Wow... Yes I'm well aware but look at the ****ing size of tampons. Calm the hell down dear. :/ I'd love to take you seriously but I've yet to see you post a decent, logical post on this forum to be honest... :/

I was actually kind of defending you in some lights about how it's ok to not use tampons if you don't want to. As I said do what you feel comfortable with, but I was also pointing out that a tampons not a penis or a baby. And if you are having serious pain problems with them maybe you want to see a doctor, because things could be going wrong there.

Also cheers for the hypocritical and ironic assumption that my vagina is loose and stretchy. You're too much


----------



## SnowFlakesFire

Tanya1 said:


> Wow... Yes I'm well aware but *look* at the ****ing *size* of tampons.
> 
> And if you are having serious pain problems with them maybe you want to see a doctor, because things could be going wrong there.

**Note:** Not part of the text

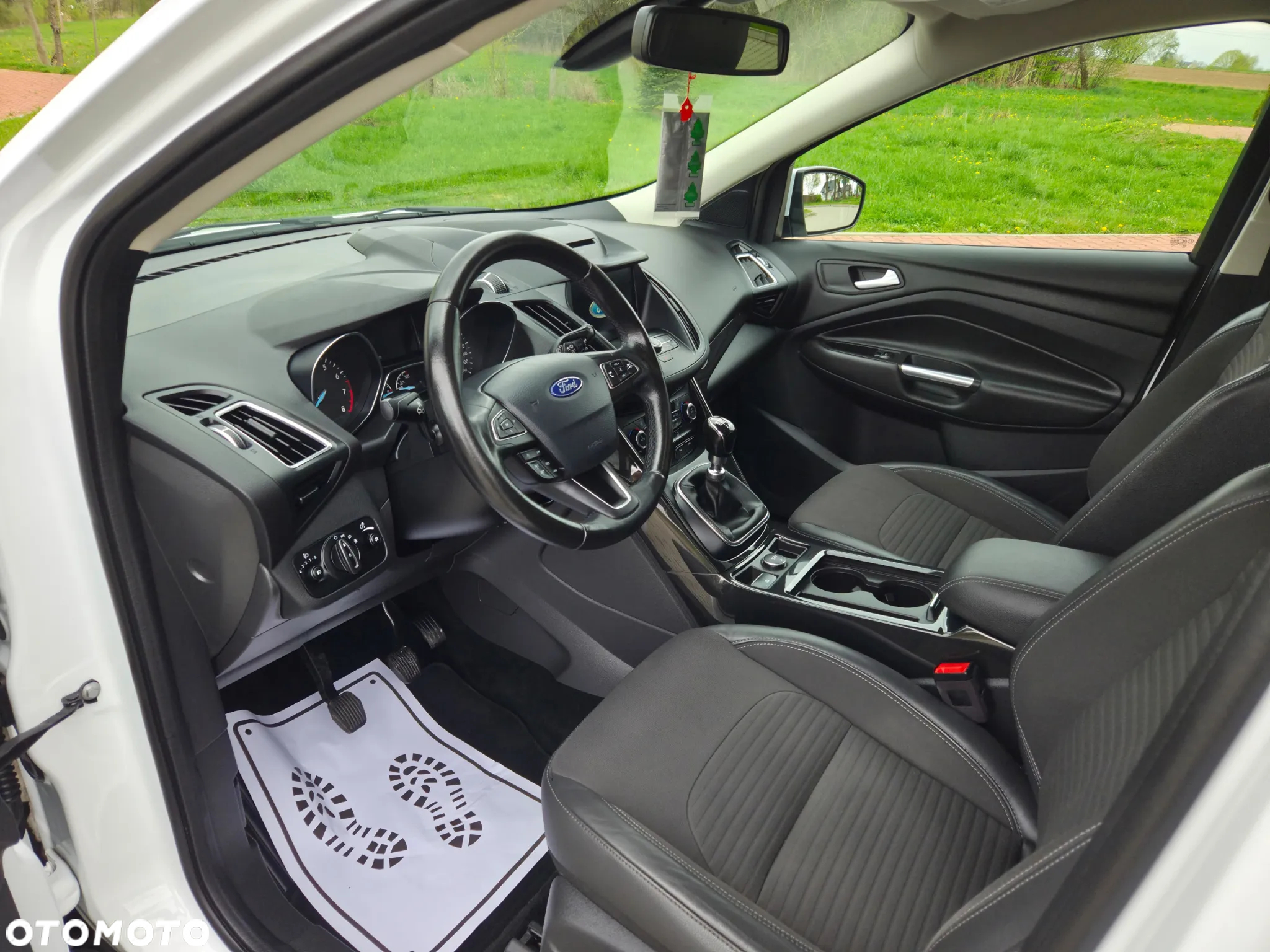 Ford Kuga 1.5 EcoBoost FWD Titanium - 12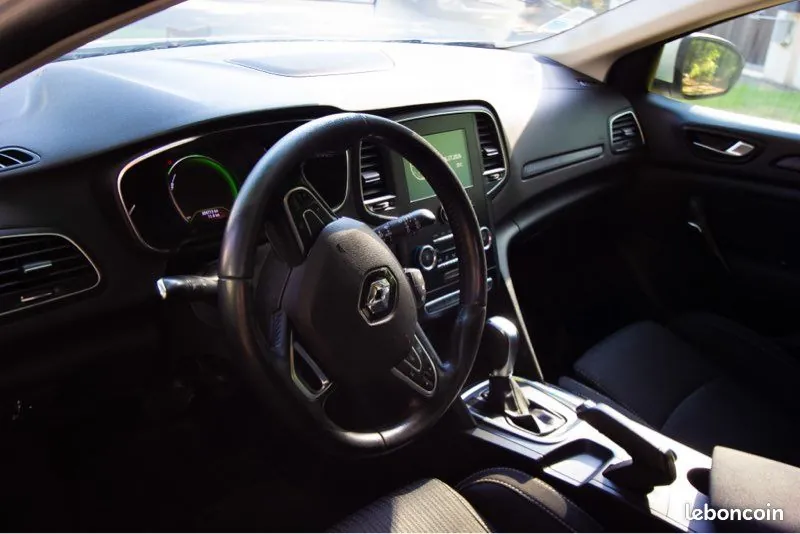 Renault Megane 2019 photo 3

You really don't understand, you just continue staring to your own vagina. Wake up, there is more people in this world than just you.


----------



## komorikun

^^Didn't you claim to be a virgin and you're in your 30s and have had several boyfriends?


----------



## SnowFlakesFire

komorikun said:


> ^^Didn't you claim to be a virgin and you're in your 30s and have had several boyfriends?


The fact if I would be a red coated lamb without a head does not change the fact that *women are not same*.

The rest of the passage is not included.